Not too surprisingly the hunk a hunk of burning love Candy is not giving away her sugar for free. She is in cahoots with a gangster (Stack Pierce) to steal the money. But thankfully not till Pickens (Charles Woolf) has had his fun with her. Crowder tracks them down, tells them over dinner that his wife is on the way and then goes and has sex with Poopsie. Because they would never try to get away while he was having sex. That would be gauche. But then Candy knocks on his door. It's Halloween - trick or treat. He takes the treat. Poopsie hides in the closet. And she has a religious conversion. That is Crowder Sex. Guaranteed to change your life.  And lower your calorie intake. With a budget and a good director this could have been decent. Williamson is at least at this point early in his directing career, pretty awful. Up on YouTube in poor quality. 



Blind Rage (1976) - 5.5




This is the third Jessie Crowder film or perhaps more accurately the two and one-tenth Jessie Crowder film. Right away you know this isn't the same as the first two Crowder films. First, it isn't directed by Fred Williamson so you let out a sigh of relief, it looks professional, the soundtrack has some imagination and Williamson is listed far down in the credits. Which is fair since he doesn't show up till minute 70 in an 83 minute movie.  Basically, a cameo in which he chases someone and beats him up after first tossing his gun aside and then walks away forgetting to pick it up. It is called marketing. The film proclaims that it was shot in the USA, Mexico, Hong Kong, Tokyo and Manila. Well true, but the Mexico, Hong Kong and Tokyo sections are about one minute in length. Most of it is shot in Manila with a Filipino director and crew. Efren C. Piñon is the director with about fifty credits in the Philippines and I must admit I have heard of none of them besides this film.
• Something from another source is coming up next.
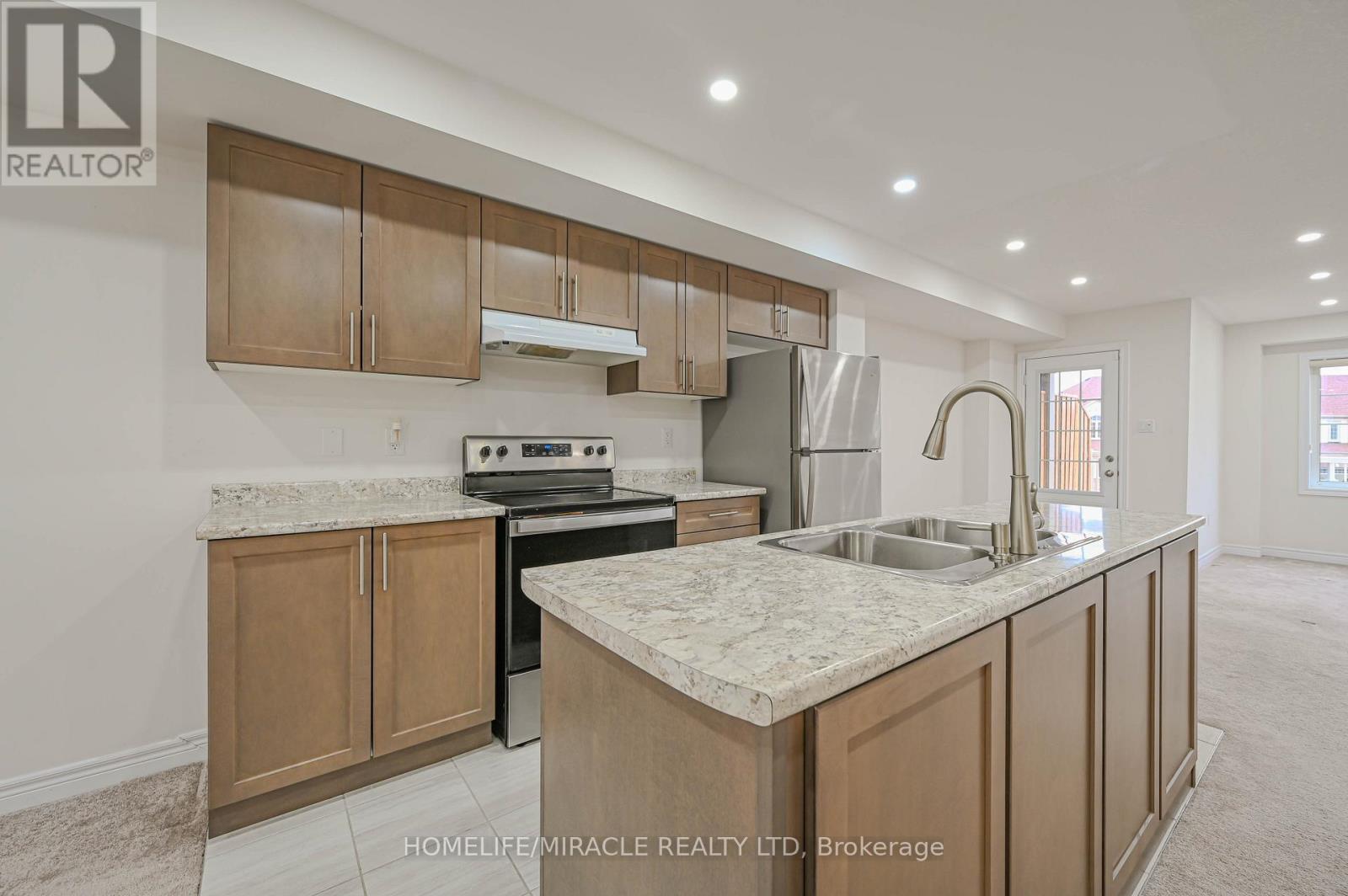 760 LINDEN DRIVE - 6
It begins in the USA when a group of government officials meet and talk about how to stop the Domino's from falling in Asia. They have $15 million to do this. $15 million dollars to win the war on Communism. They put it in a bank in Manila - not a simple wire mind you but in cash. This bank looks pretty secure they say as a bunch of tin-pot cops come running out in a test. My tax dollars are safe. But back in America the head of the Manila branch is approached by a man with a fool-proof plan to rob the money with his co-operation. It can't go wrong. It is a perfect plan. All we need are five guys with skills. Sounds good says the banker. But why is it so perfect? Because they are all blind. You can't argue with that. The film explains in flashback how they went blind - acid, a gunshot, a torch, fingers. Now they can cash in.
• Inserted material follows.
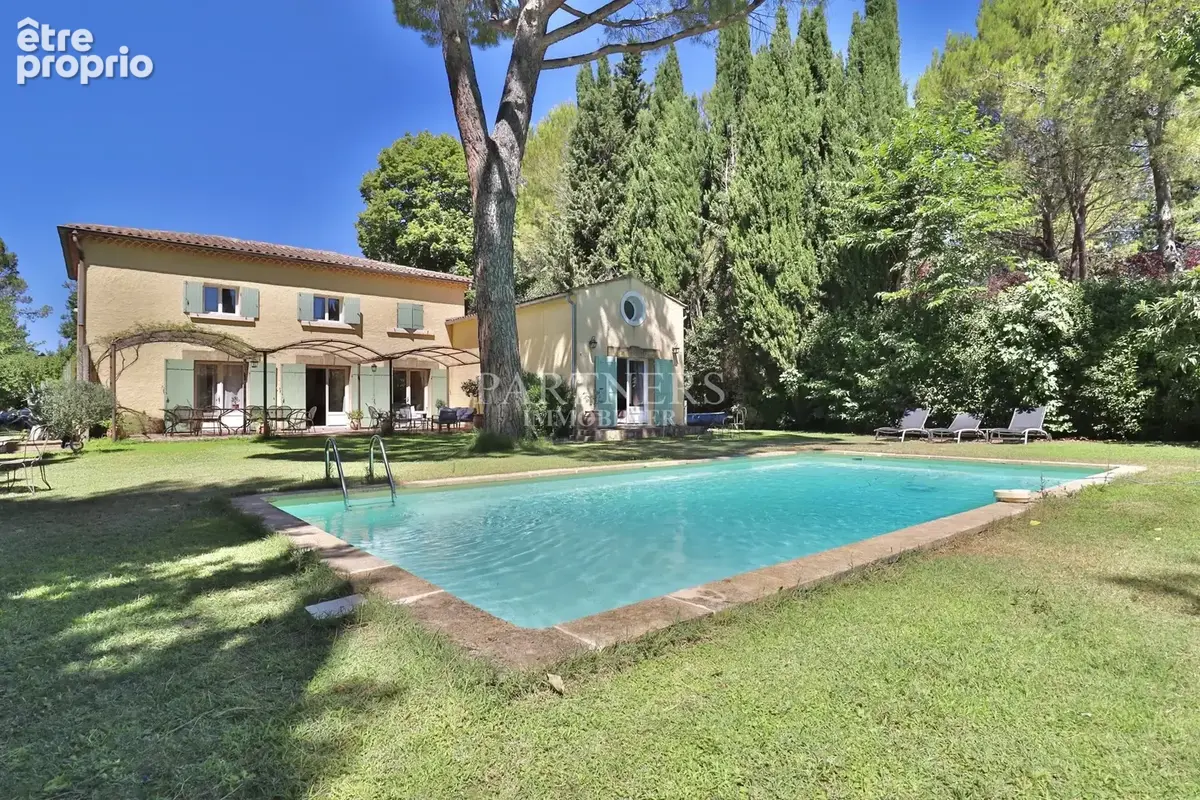 Maison 245 m² à Aix-En-Provence  - photo 3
They recruit these men from Mexico (an ex-bullfighter), Hong Kong (triad), Tokyo (magician), the USA (I forget) and Manila (tech guy). That was the extent of the location shooting in the first three. They hire a female teacher of the blind to show them how to rob the bank and not appear blind. If you hear a sound, you don't know - just shoot it. A burp and you die. The perfect plan except - they are blind! The robbery scene is well-done.



There was a Bollywood film named Aankhen from 2002 with a plot in which blind men also rob a bank. It stars Amitabh Bachchan and was a big hit. My guess is that it was not inspired by this film, but then you never know. In 1983 there was a fourth Jessie Crowder film, The Last Fight, directed by Williamson but fortunately, I can't locate a copy of it. Small mercies in an unmerciful world.